Andrew Tettenborn

The Gazan family ruling makes a mockery of human rights

Gaza city (Photo: Getty)

The need for Britain to think seriously about its membership of the ECHR gets more glaring daily. Some time ago, a Gazan woman was given refuge in the UK with her three children. She then asked the Home Office to bring in 18 more people from Gaza: her parents, three siblings, two of their spouses and their children. They do not have any other connection with this country, and many speak no English whatsoever. Met with an understandable refusal, the relatives sued. This week they won in an immigration appeal tribunal. Why? The right to family life, as enshrined in Article 8 of the ECHR.

You might have thought that signing a convention agreeing to respect family life didn’t involve committing to upend our immigration laws in favor of vast Middle Eastern extended families

You might have thought that signing a convention agreeing to respect family life didn’t involve committing to upend UK immigration laws in favor of vast Middle Eastern extended families.
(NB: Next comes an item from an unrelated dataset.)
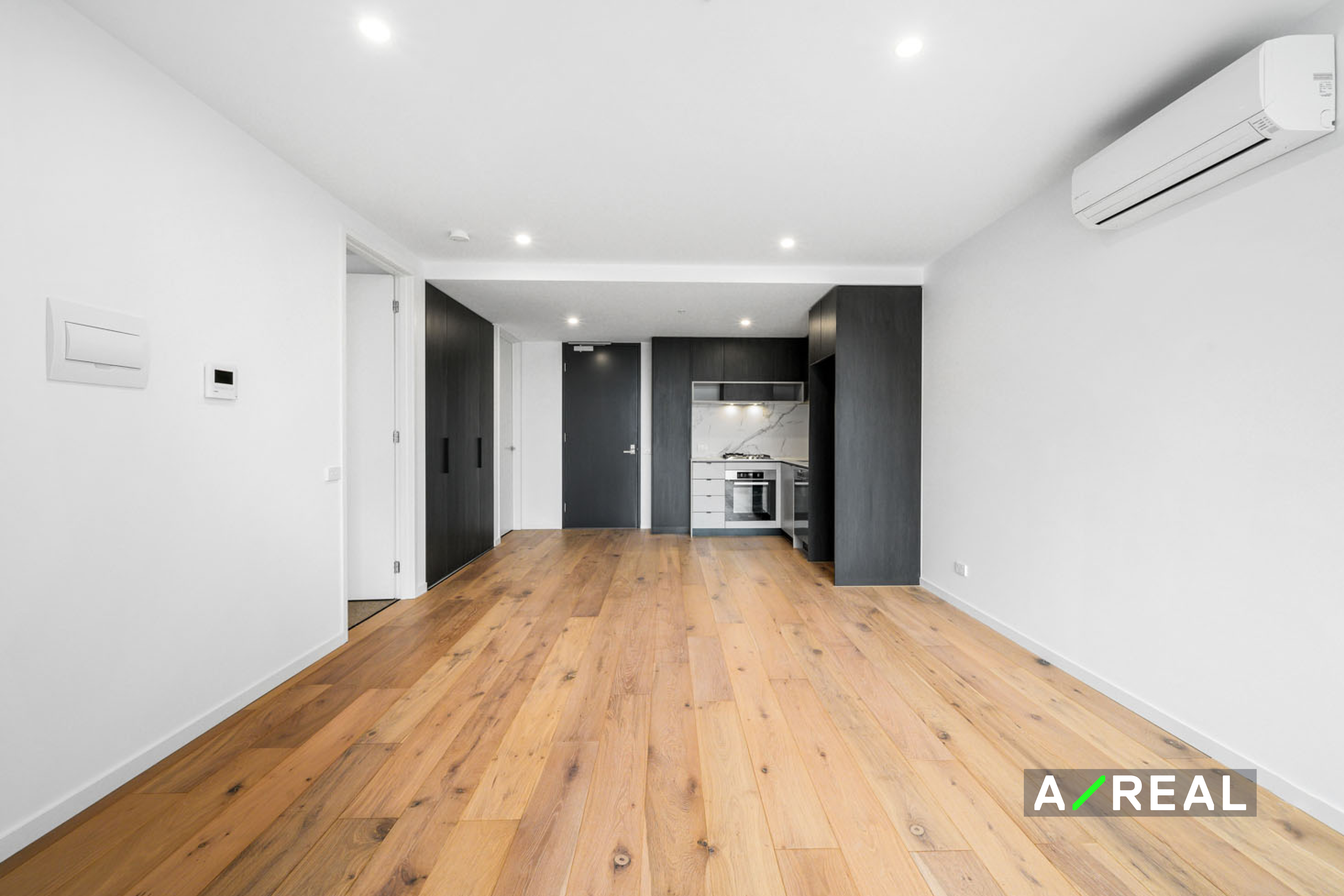 305/202 Surrey Road, Blackburn VIC 3130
The governments that set up the ECHR in 1950 almost certainly thought the same. But hey-ho, this is human rights land, where the rules of common sense apply if at all only in a very vague way.

In a microcosm this case illustrates rather neatly what is wrong with the ECHR and its emanation here, the Human Rights Act 1998.

For one thing, the human rights establishment’s attitude to the ECHR is rather like Humpty Dumpty’s approach towards the English language in Through the Looking-Glass. They primly refer to the Convention as a “living instrument”: meaning they reserve the right to make words mean what they choose them to mean – neither more nor less.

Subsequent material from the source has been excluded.